» AIM OF THE EXERCISE
Go through the listing below and retype exactly the lines starting at the one with "What kind of" and ending at the one with "Hey, what's up", skipping pictures.

» DATA TO EXAMINE
--

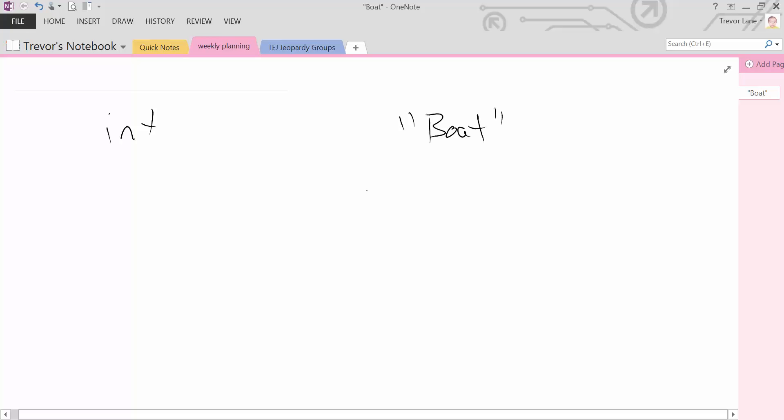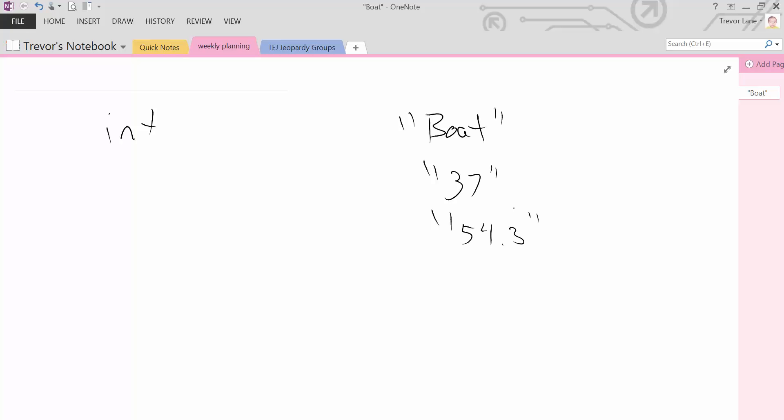So for example, if they typed in, let's say 37, 37 could easily be converted to an integer. Not a problem. But what if they type in something like 54.3? Can that be converted? Well, yeah, it can. It's just going to happen in a few different ways.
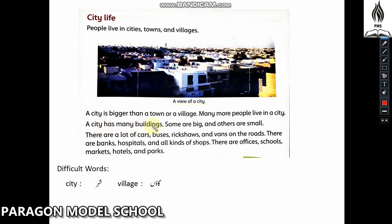Some buildings are big and others are small. There are a lot of cars, buses, rickshaws and vans on the roads.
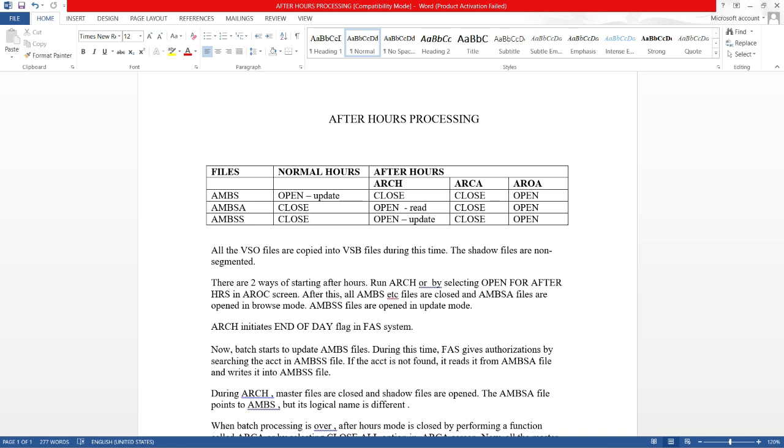In the after hours processing, if you see in the table, AMBS files are closed. AMBSA, the AMBS after hour files, are opened in read mode. AMBSS, the shadow files, are opened in update mode. Next, all the VSO files are copied into the VSB file. During this time the shadow files are non-segmented.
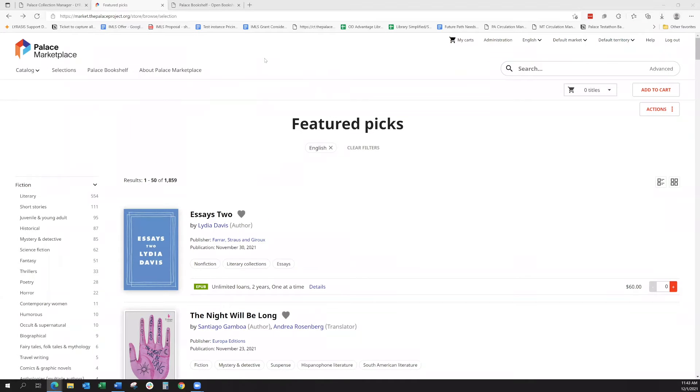Hi, welcome back to our Palace Marketplace overview. Now we're going to talk about your different licensing options.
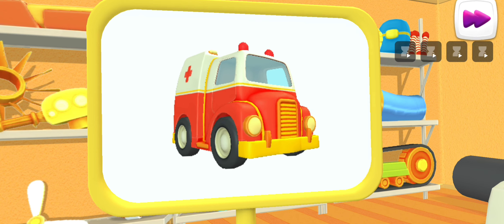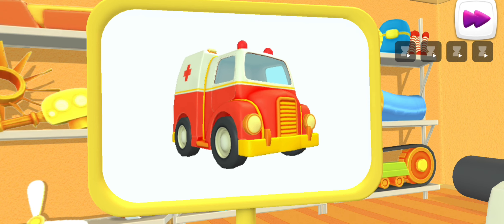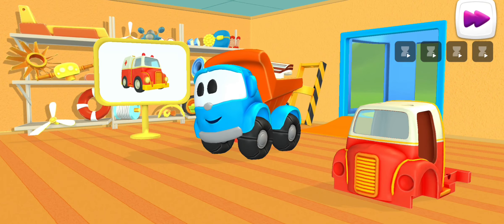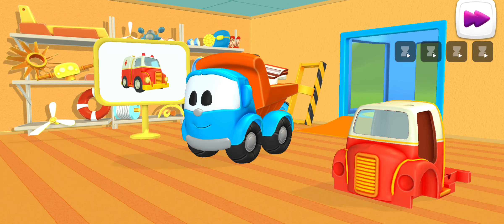What kind of car is this? This is an ambulance. It helps people who get sick.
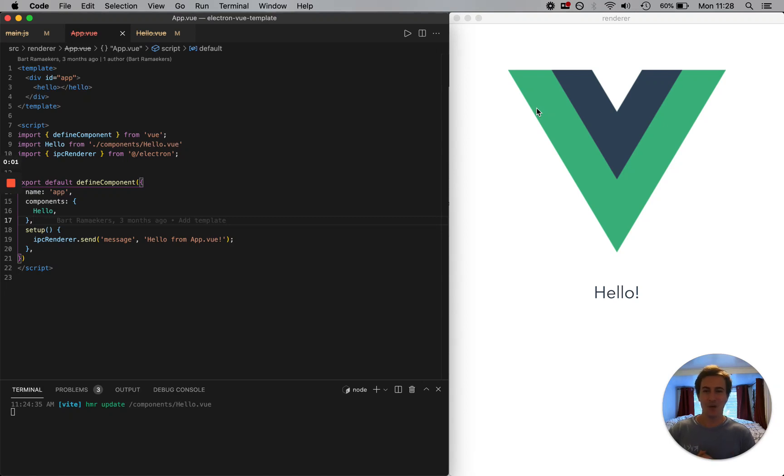Hey, what's up YouTube? Cody here. I just wanted to show you really quick how to get Vue and Vite set up with Electron.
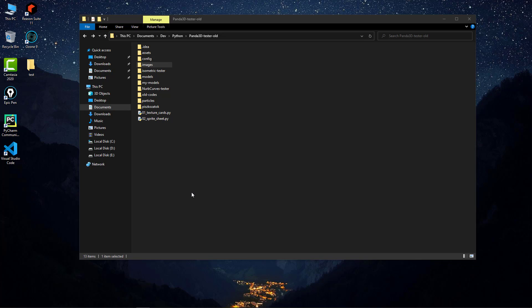I was curious if it is possible to create 2D pixel art game in Panda 3D. So I did some research and I came up with this scene.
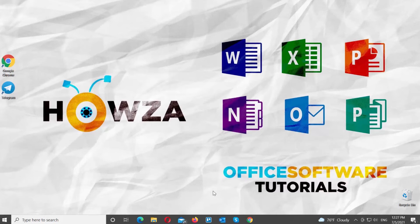Hey! Welcome to Howza Channel! In today's video, we will show you how to change recovery email on Telegram Desktop App.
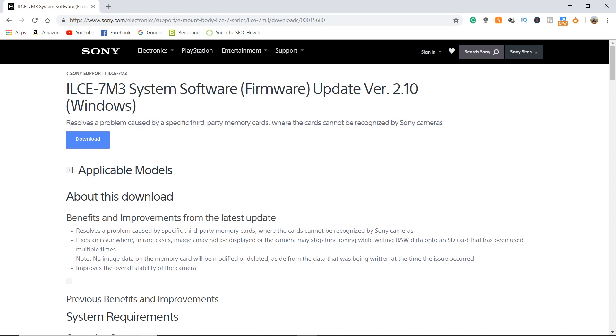Also, no image data on the memory card will be modified or deleted aside from the data that was being written at the time the issue occurred, and also improves the overall stability of the camera.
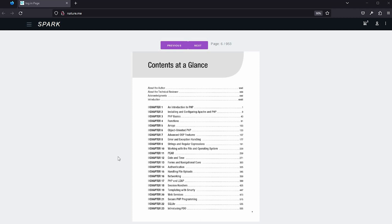Now I will describe how to create a self PDF generator of your website with Spark Fairmart. I created a simple PDF generator.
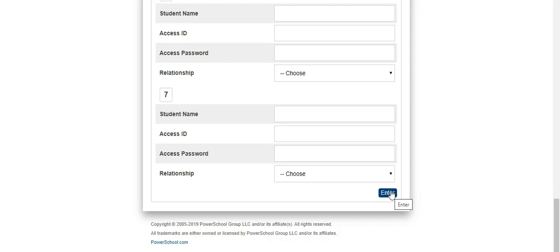Congratulations! You have now created your parent portal account. If you have any questions, please contact your child's school. Thank you!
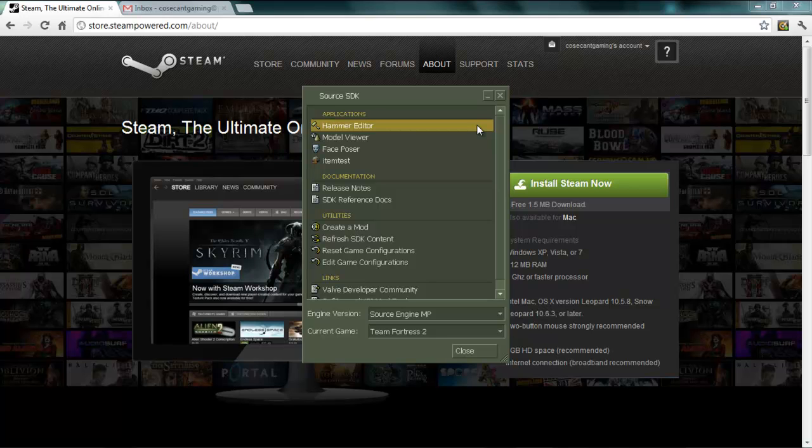Also, because its creators, Valve Software, encourage user-created items, it's pretty easy getting your work published.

--

» OUTPUT FOR THIS TASK
What kind of car is this? This is an ambulance. It helps people who get sick.
Hey, what's up YouTube? Cody here. I just wanted to show you really quick how to get Vue and Vite set up with Electron.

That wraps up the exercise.